Good educational practice cuts a channel for the free flow of ideas, life, and transformation through the muck of cynicism, indifference, and greed. As higher education programs increasingly leverage online and digital technologies, higher education leadership faces the challenge of meeting its promise of quality education.

Numerous studies have demonstrated the importance of cognitive, teacher and social presence in digital learning outcomes (see Garrison 2017). However, as the ed-tech market expands and offers an ever-growing array of tools, there may be a temptation to abdicate teacher presence with tools such as Turnitin rather than comprehensive discussions with students on principles of academic integrity or to use computerized teaching assistants to address the load of answering unsuspecting students’ inquiries (see Gose 2016). There may be a temptation to dispense with the social presence necessary to good learning outcomes in favor of teaching machines that promise personalized learning. While such temptations value innovative tools that ease the work and expense of teaching, they often overlook the students’ development gained through learning facilitated by the educator’s skillful wielding of just the right tool.

The U.S. Department of Education has proposed significant changes in the regulation of higher education that undercut current guidelines for accreditation, the credit hour standard, and online education (Education Department 2018). While it is worth revisiting the definition of “regular and substantive interaction” (Education Department 2018) in the developing medium of online education, credit hours and accreditor standards provide structure and some measure of confidence that higher education will keep its promise of a quality education despite financial pressures and corporate incentives for early adopters of new technologies.

To address the challenge of maintaining the quality of higher education as the content delivery and learning channels evolve:

  • Promote pedagogies that emphasize teacher and social presence in online and other digital education media,
  • Work to redefine what regular and substantive interaction is in digital learning environments,
  • Lobby for maintaining standards and measures that warrantee educational excellence while supporting innovation grounded in educational research and teaching practice rather than in corporate interests.

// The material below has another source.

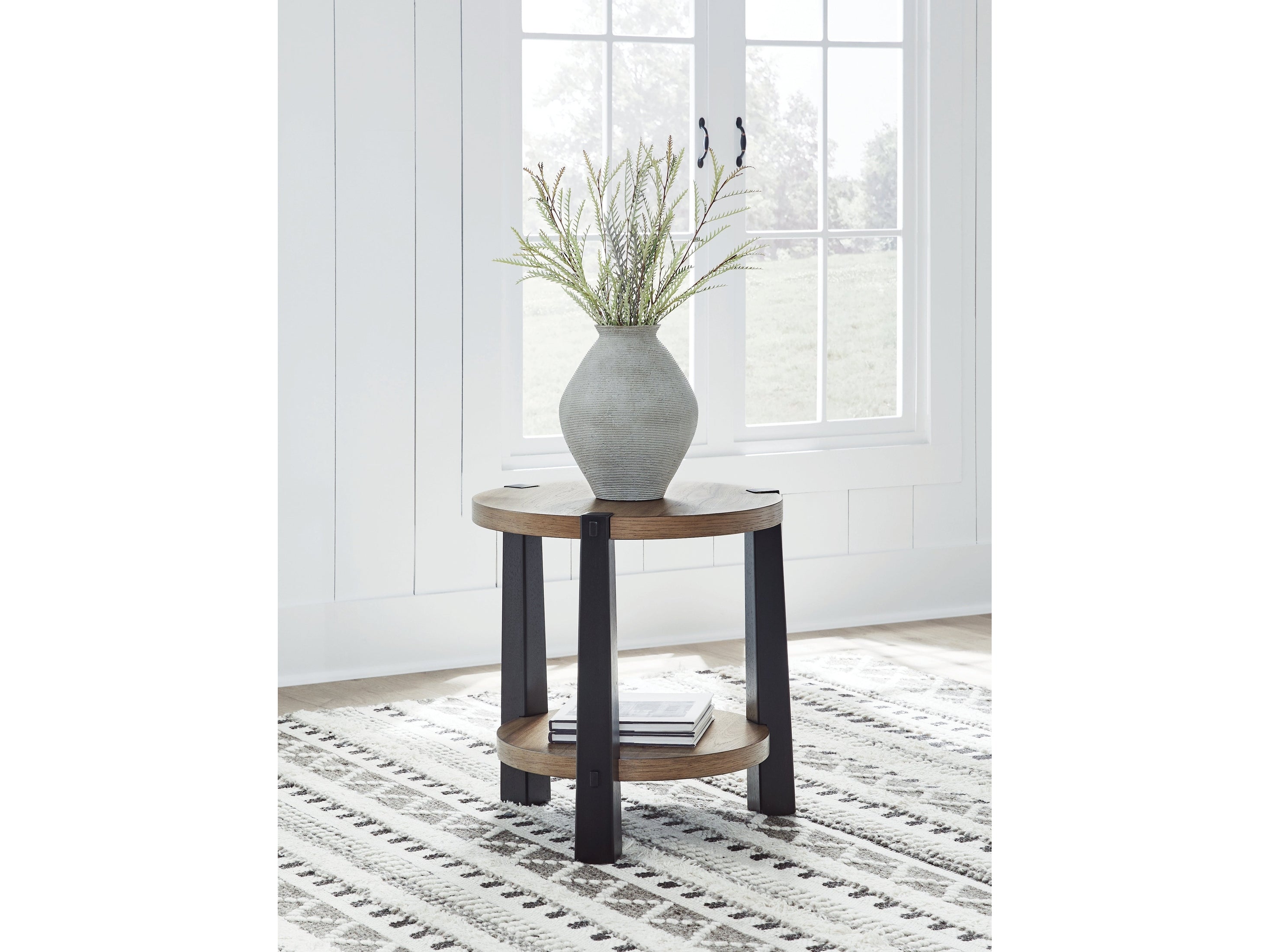 Ridgester Light Brown/Black End Table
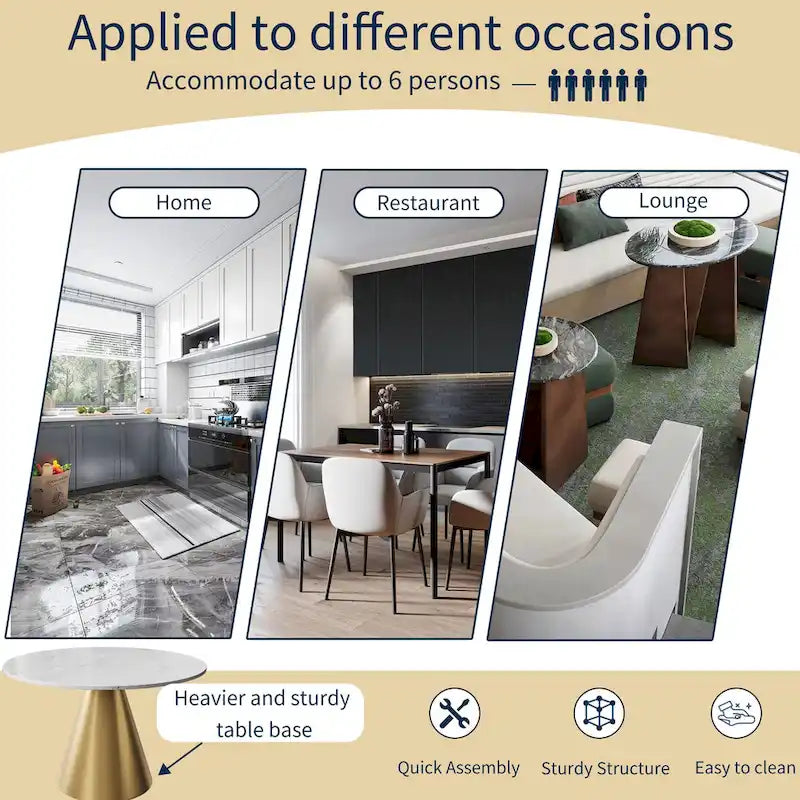 Round Marble Dining Table - Metal Frame (Black/White)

Innovation in education can focus on transforming our teaching practice so that we use our tools mindfully and creatively to redeem our promise of a quality education.

References

Education Department. (2018, July 31). Negotiated Rulemaking Committee; Public Hearings. Federal Register. Retrieved from https://www.federalregister.gov/documents/2018/07/31/2018-15929/negotiated-rulemaking-committee-public-hearings

Garrison, D. R. (2017). E-Learning in the 21st Century: A Community of Inquiry Framework for Research and Practice (3rd Edition). London: Routledge/Taylor and Francis.